Le gouvernement français a fait de mauvais choix en armant les « rebelles syriens » et s’est engagé dans une lutte bien molle contre l’État islamique. Aligné sur la politique désastreuse américaine, il se soucie peu du quotidien des Irakiens (comme des Syriens voisins), et moins encore de celui de ces chrétiens menacés de disparition. Mais le pays réel s’est souvenu de sa vocation de défenseur des chrétiens d’Orient. En décembre dernier, le cardinal Barbarin se rendait à Erbil, auprès de ces réfugiés, accompagné d’une grande délégation lyonnaise.

La sensibilisation des Français à ce drame a porté ses fruits : le 28 juin prochain, l’école Saint-Irénée ouvrira ses portes à 800 mètres d’un camp de réfugiés, et accueillera 900 élèves du primaire et du secondaire.

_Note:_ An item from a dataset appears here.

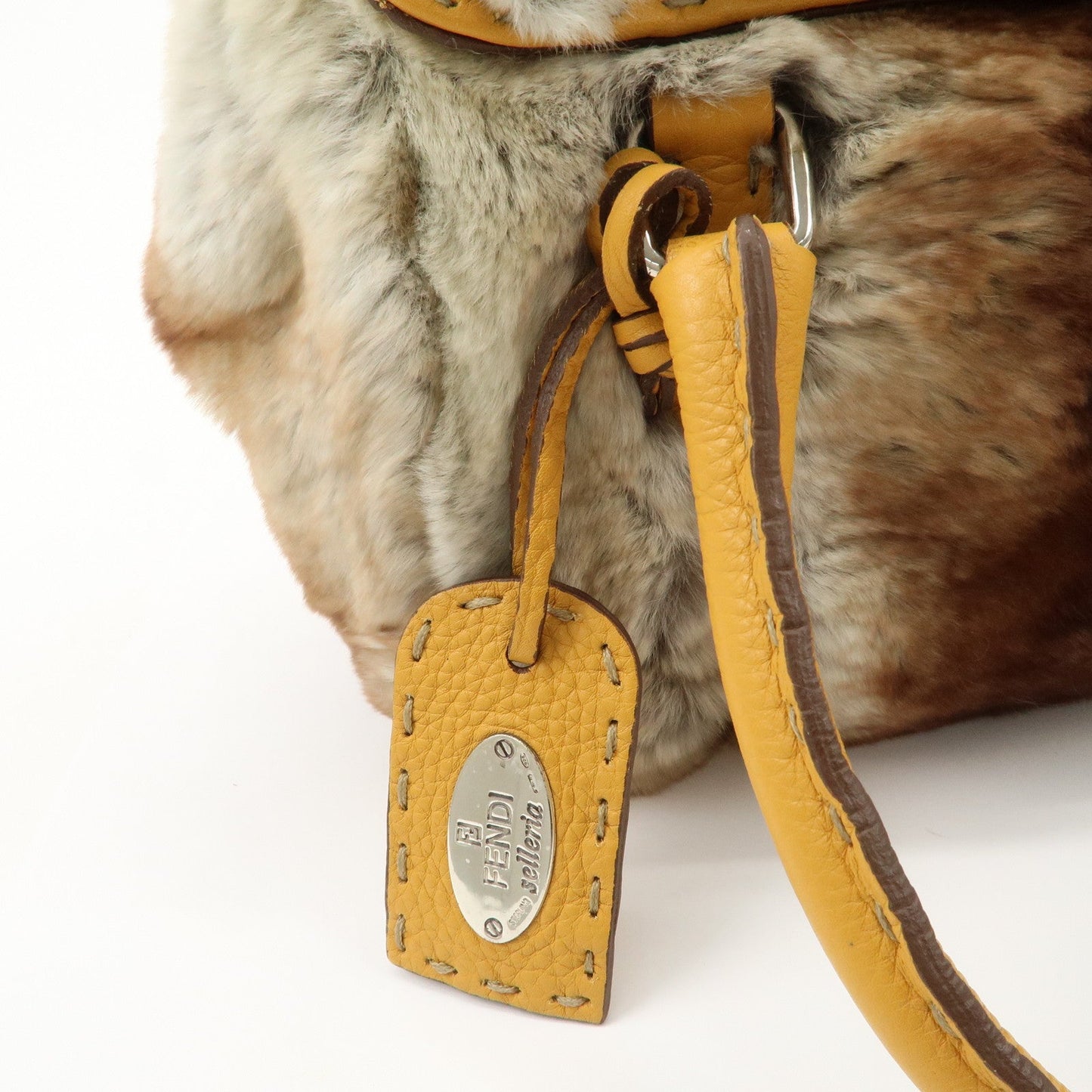FENDI Seleria Leather Fur Mini Linda Hand Bag Brown White 8BR486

Un projet chiffré à 400.000 euros et financé par la fondation Saint-Irénée du diocèse de Lyon, la fondation Mérieux et la fondation Raoul-Follereau.

Le projet est énorme mais il n’est pas le seul. D’autres associations françaises œuvrent auprès de ces chrétiens en Irak. SOS Chrétiens d’Orient participe également à l’extension d’une école à Mangesh, petite ville de montagne dans laquelle 400 familles sont réfugiées, et la construction d’une autre à Erbil. L’association Fraternité en Irak soutient depuis des années une école de Kirkouk et organise chaque année des camps de vacances pour les enfants de la région. L’Œuvre d’Orient et l’Aide à l’église en détresse travaillent également, et depuis des années, auprès de ces populations persécutées.

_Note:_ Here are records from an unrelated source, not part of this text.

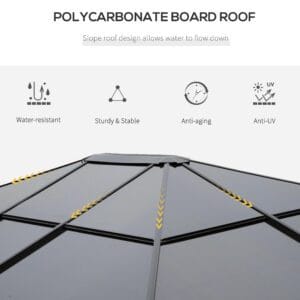 Outsunny Hardtop Gazebo w/ Polycarbonate Curtains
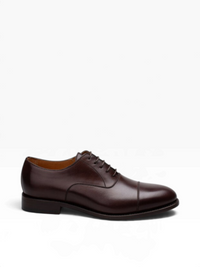 Bourgee a world class shoe store Berwick Rupert brown calf leather oxford dress shoe with cap toe and Goodyear welt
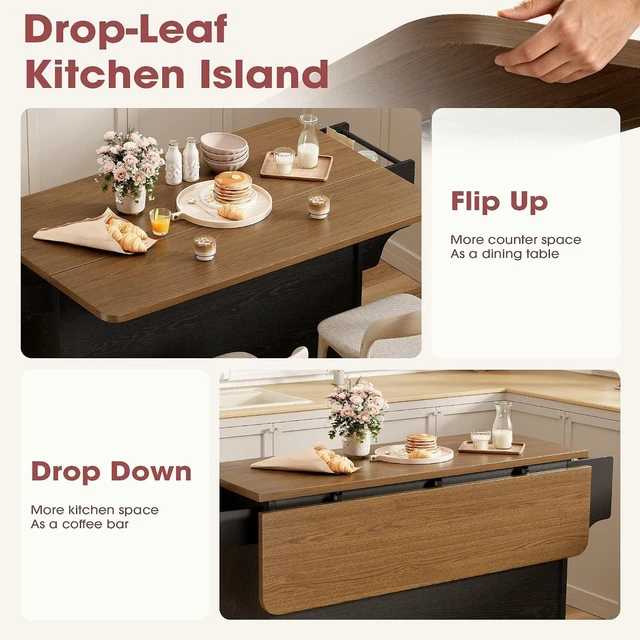 Alt view image 4 of 7 - GRUSIGN 41.7" Rolling Kitchen Island Cart with Drop Leaf Storage, Black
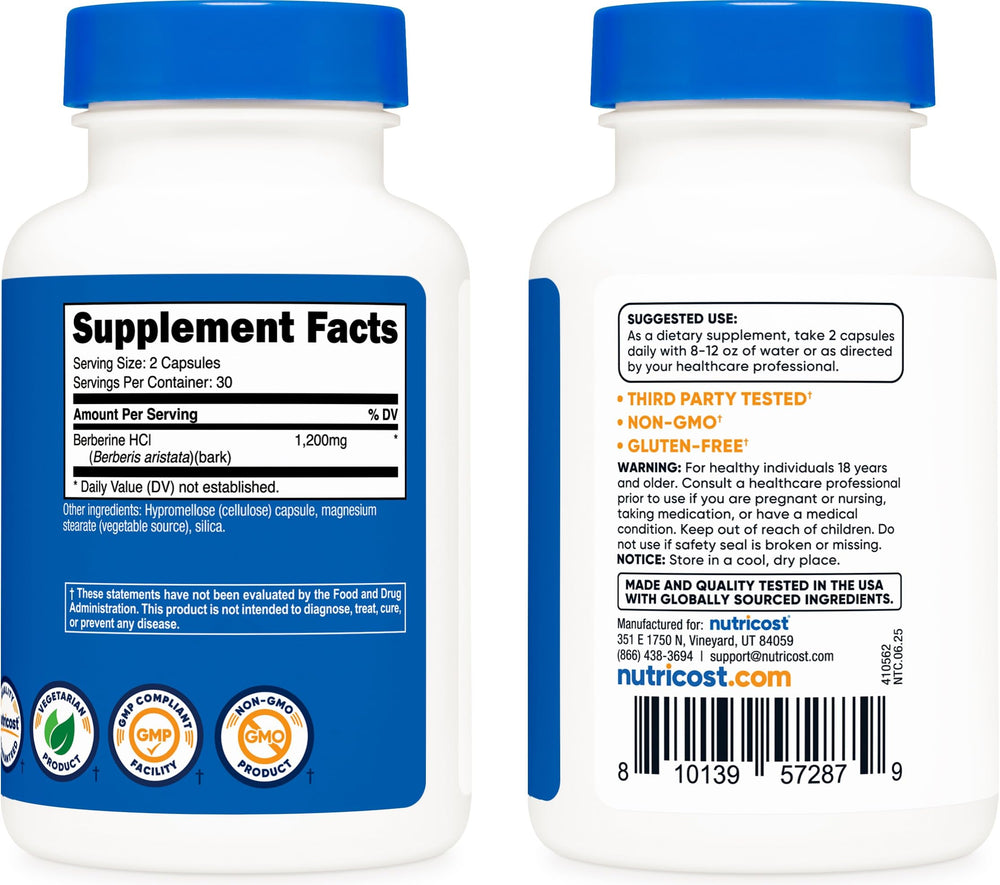 Front view of Nutricost Berberine HCl 1200mg bottle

Les chrétiens d’Orient sont parfois amers lorsqu’ils évoquent les choix politiques français dans la région. Ces associations, et à travers elles les centaines de milliers de Français généreux, rendent à la France son honneur en donnant à ces chrétiens des raisons très concrètes d’espérer…

L’école Saint-Irénée, comme celle de Mangesh, permettent également de faire travailler des déplacés considérablement appauvris depuis leur fuite. Ces derniers participent aux constructions mais également, ensuite, à l’enseignement. Condition nécessaire pour pérenniser les projets et les rendre finalement autonomes.

« C’est une réponse au désarroi des familles face à l’avenir incertain de leur pays et de leurs enfants », expliquait récemment au Figaro Alain Mérieux, président de la fondation éponyme.

Une nécessité aussi vitale que les aides alimentaires ou médicales, puisqu’elles permettent à ces centaines de milliers de réfugiés d’espérer un avenir pour leurs enfants sur leur propre terre, berceau du christianisme.